While India C remains deprived, the Commonwealth Games success suggests that India B has well and truly arrived on the sports field. One doesn't have exact figures, but it would be a reasonable assumption that more than 80 per cent of our medal winners come from India B: small-town people with big hearts, and a driving ambition to succeed at all costs. Then, whether it is a Rahi Sarnobat, the teenage shooting sensation from Kolhapur, or Ashish Kumar, the first medal winning gymnast from Allahabad, there is little doubt that the real energy of Indian sport is coming from outside the big cities.


The era of the elite clubs and gymkhanas has slowly come to an end, with tennis perhaps the sole exception. The privileged children of India A are too effete to survive in the highly competitive world of sport. By contrast, the vaulting aspirations of India B and their tough growing up years have enabled them to thrive in a similar environment. We've seen this 'democratisation' of sport already take place in cricket where the dominance of the urban, upper middle-class cricketer has given way to the spectacular rise of the small-town boys, be it an MS Dhoni from Ranchi, a Harbhajan from Jalandhar or a Zaheer Khan from Shrirampur. It should come as no surprise that India's ascent to the number one test spot has coincided with the emergence of the India B boys in the national team.

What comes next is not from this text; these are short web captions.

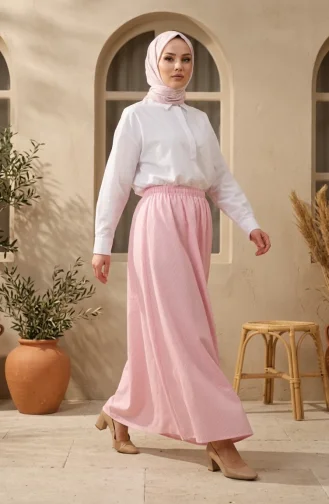 Jupe Rayée En Viscose Avec Taille élastiquée 0348-05 Rose 0348-05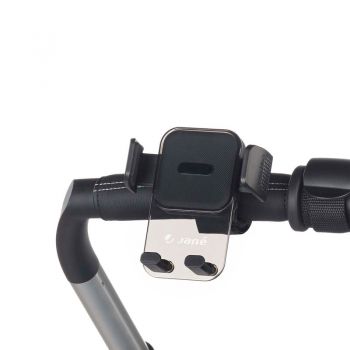 Suport telefon potrivit pentru carucior Jane, universal, reglabil, cu buton de blocare Black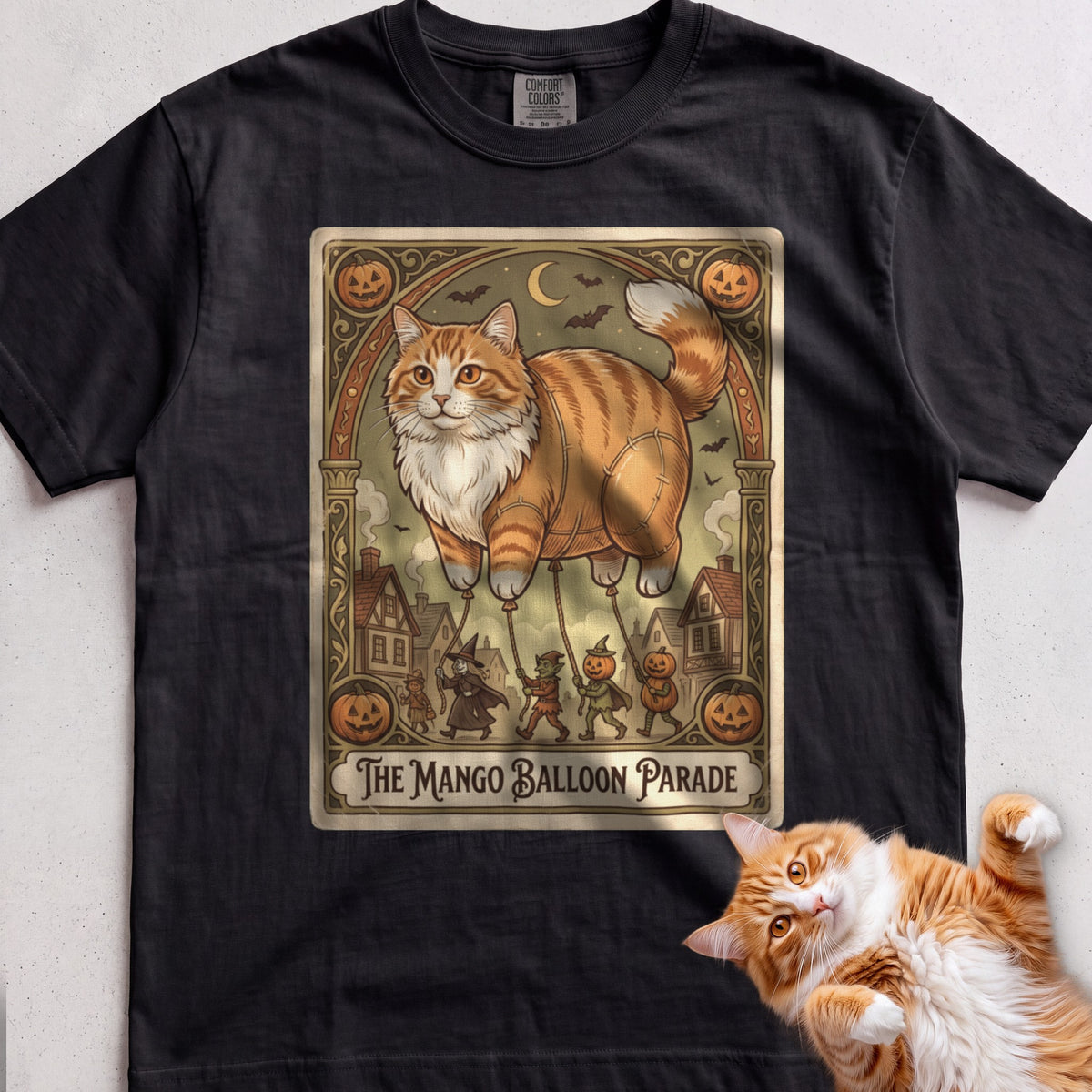 Personalized Balloon Parade Cat T-Shirt - Black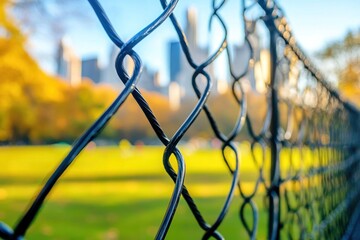 Poster - A close-up of a chain-link fence with a blurred city skyline and green field in the background.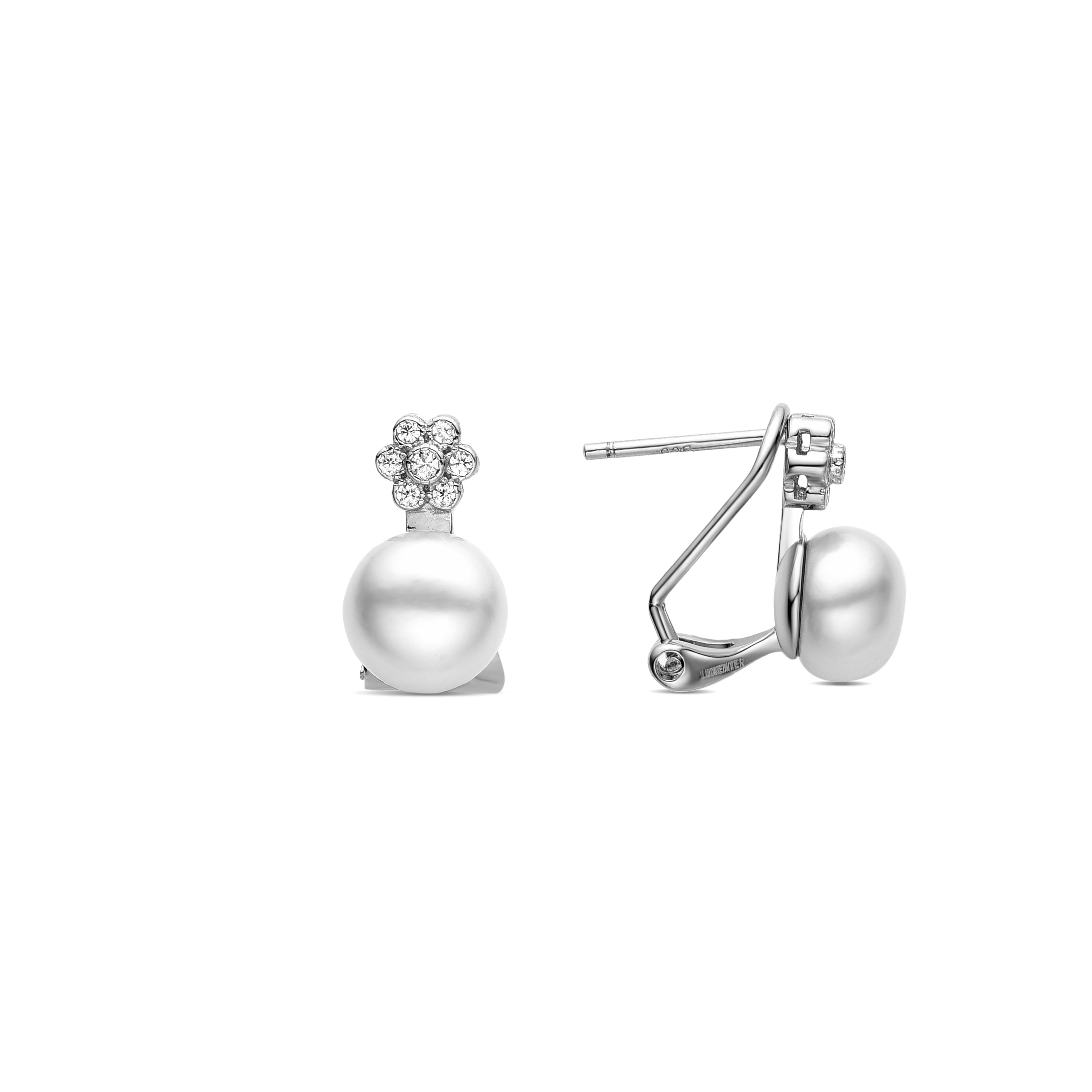 925 Sterling Silver Earrings with White Pearl, Rhodium Finish - Altul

In a sense, sports, with the premium it places on merit, has provided a passport to India B to somehow gatecrash into the India A party. In the first thirty years after Independence, India A zealously guarded its elite status, be it in politics, business or sport. This was the Nehruvian era of the old school tie and Oxbridge alumni societies. Some of those cosy networks still survive, with patronage distributed to friends and cronies (witness the way in which the CWG organising committee was populated with relatives of key members).


And yet, there are unmistakeable signs of change. The green revolution and the rise of the middle peasant castes broke the Brahminical domination over politics, even if it created new power elites. Economic liberalization by removing the licence-permit raj opened a window of opportunity for first-generation entrepreneurs. And now it seems that the investment in sports academies in smaller towns (we still need many more) is finally creating the basis for a sporting revolution.


Ironically, one of the few professions resistant to change has been journalism. For decades, a tiny, anglicized elite dominated the profession. How many Dalits, or for that matter Jats, have become editors and anchors? Perhaps, the remarkable growth of the regional media, print and television, offers some hope that even journalism will transform itself and reflect the spirit of a new India.


Post-script: The Jat tally at the CWG was almost matched by the armed forces who won 25 medals, including ten golds. It is not only a tribute to the sports infrastructure provided by the forces to its personnel, but importantly, confirmation that the men in uniform, like sports itself, respect merit and human endeavour.